9. A device for compensating for the position of a rotor of a permanent magnet synchronous generator, comprising:

an active power value obtaining unit, configured to apply an offset to a rotor position estimated for each power segment, and obtain an active power value of each power segment after the rotor position after the offset is applied, where the active power value includes: the converter network side port active power output value or the generator active power output value;

10. The apparatus according to claim 9, wherein the optimal offset determining unit specifically includes:

the first optimal offset determining module is used for determining the rotor position offset corresponding to the maximum value in the absolute values of the active power output values of the generator of each power section as the optimal rotor position offset of the power section;

or,

the second optimal offset determining module is used for calculating a first absolute value of a difference value between an active power output value of the generator after different offsets are applied to each power interval and an active power set value of the generator corresponding to the power interval, and determining the rotor position offset corresponding to the minimum value in the first absolute value as the optimal rotor position offset of the power interval;

or,

and the third optimal offset determining module is used for calculating a second absolute value of a difference value between an active power output value of a grid side port of the converter and an active power set value of a generator of a corresponding power section after different offsets are applied in each power section, and determining the rotor position offset corresponding to the minimum value in the second absolute value as the optimal rotor position offset of the power section.

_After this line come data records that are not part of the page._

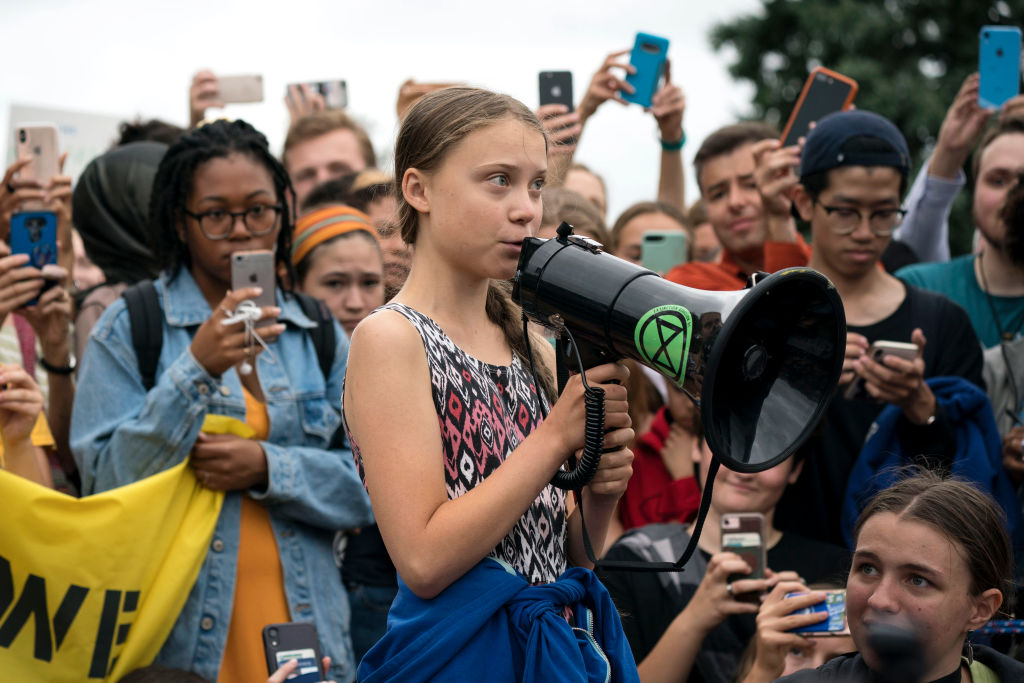 Teenage Swedish climate activist Greta Thunberg delivers brief remarks surrounded by other student environmental advocates during a strike to demand action be taken on climate change outside the White House on September 13, 2019 in Washington, DC.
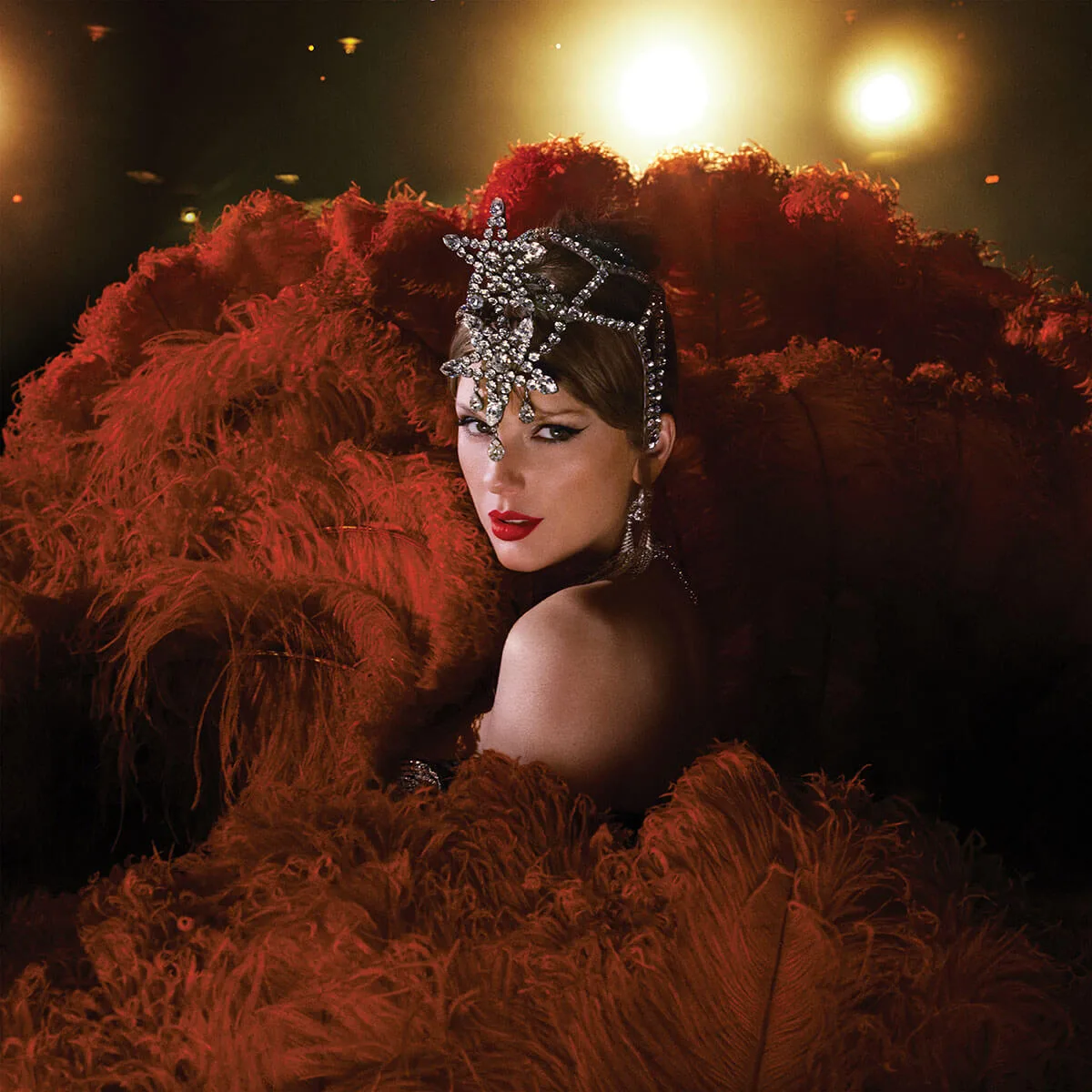 A close portrait framed by orange feathers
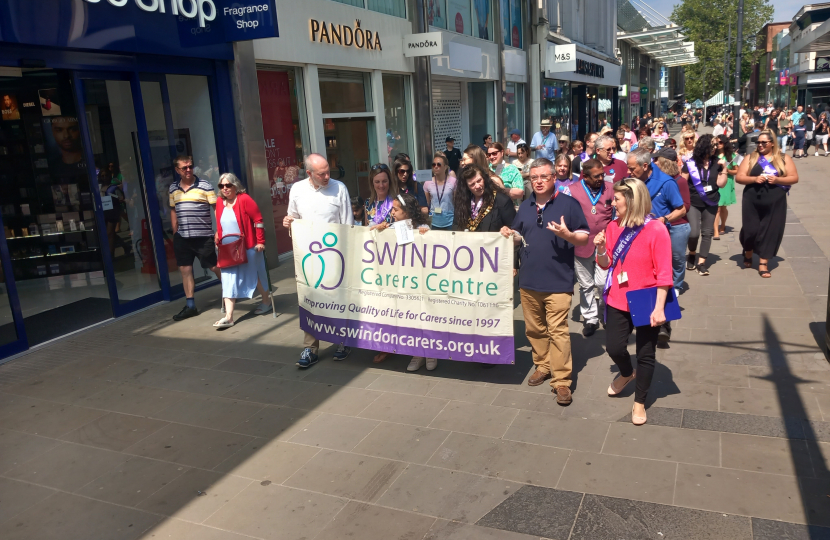 Sir Robert Buckland KBE KC MP Taking part in the Swindon Carers Walk a Mile Event as part of Carers Week 2023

11. The apparatus of claim 10, further comprising: a filtering processing unit;

the filtering processing unit includes:

the first filtering processing module is used for filtering the active power output value of the generator;

or,

the second filtering processing module is used for carrying out filtering processing on the first absolute value;

or,

and the third filtering processing module is used for carrying out filtering processing on the second absolute value.

12. The apparatus according to any of claims 9-11, wherein the active power set point in each of the power segments is an intermediate active power value in the power segment; or/and the light source is arranged in the light path,

when the active power value includes an active power output value of a network side port of the converter, the active power value obtaining unit is specifically configured to:

after the position of the rotor with the applied offset is obtained, the active power of the self-consumption electricity of the wind generating set in each power interval section and the active power injected into a power grid are obtained; and taking the sum of the active power of the self-consumption of the wind generating set of each power section and the active power injected into the power grid as an active power output value of a grid side port of the converter corresponding to the rotor position offset.